→ **SOURCE INFORMATION**
════

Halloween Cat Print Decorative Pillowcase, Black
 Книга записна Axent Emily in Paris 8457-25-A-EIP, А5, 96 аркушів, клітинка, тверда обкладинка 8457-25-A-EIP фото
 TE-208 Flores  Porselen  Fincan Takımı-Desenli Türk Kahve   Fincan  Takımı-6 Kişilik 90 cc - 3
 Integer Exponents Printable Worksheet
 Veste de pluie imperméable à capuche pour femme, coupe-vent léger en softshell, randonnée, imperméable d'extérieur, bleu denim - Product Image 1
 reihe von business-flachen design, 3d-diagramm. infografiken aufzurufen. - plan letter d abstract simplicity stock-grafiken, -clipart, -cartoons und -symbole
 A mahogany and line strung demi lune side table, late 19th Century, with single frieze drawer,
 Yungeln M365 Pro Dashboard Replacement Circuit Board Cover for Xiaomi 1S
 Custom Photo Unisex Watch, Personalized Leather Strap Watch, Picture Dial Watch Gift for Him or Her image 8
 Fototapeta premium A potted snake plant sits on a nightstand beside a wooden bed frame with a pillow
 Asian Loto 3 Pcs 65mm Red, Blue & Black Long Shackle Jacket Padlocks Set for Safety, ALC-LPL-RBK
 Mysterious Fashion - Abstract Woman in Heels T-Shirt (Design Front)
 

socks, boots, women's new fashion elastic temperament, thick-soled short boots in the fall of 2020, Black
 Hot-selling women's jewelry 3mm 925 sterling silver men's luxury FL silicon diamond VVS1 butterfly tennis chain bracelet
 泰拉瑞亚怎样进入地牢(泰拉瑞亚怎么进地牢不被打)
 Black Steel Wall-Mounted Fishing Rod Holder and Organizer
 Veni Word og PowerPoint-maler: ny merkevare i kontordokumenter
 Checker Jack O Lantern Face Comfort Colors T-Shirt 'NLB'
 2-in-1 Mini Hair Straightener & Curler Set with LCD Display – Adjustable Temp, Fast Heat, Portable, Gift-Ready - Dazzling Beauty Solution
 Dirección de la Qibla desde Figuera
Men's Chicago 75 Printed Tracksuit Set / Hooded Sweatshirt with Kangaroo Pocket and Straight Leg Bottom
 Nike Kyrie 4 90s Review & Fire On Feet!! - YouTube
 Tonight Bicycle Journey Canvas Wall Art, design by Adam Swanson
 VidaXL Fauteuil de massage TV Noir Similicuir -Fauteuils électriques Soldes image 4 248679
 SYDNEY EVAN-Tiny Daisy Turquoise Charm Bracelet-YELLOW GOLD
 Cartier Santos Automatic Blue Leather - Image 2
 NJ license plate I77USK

════

→ **INSTRUCTIONS TO FOLLOW**
The answer is every line in the data where the word "Gift" appears.

→ **RESULT OF THIS EXERCISE**
 Custom Photo Unisex Watch, Personalized Leather Strap Watch, Picture Dial Watch Gift for Him or Her image 8
 2-in-1 Mini Hair Straightener & Curler Set with LCD Display – Adjustable Temp, Fast Heat, Portable, Gift-Ready - Dazzling Beauty Solution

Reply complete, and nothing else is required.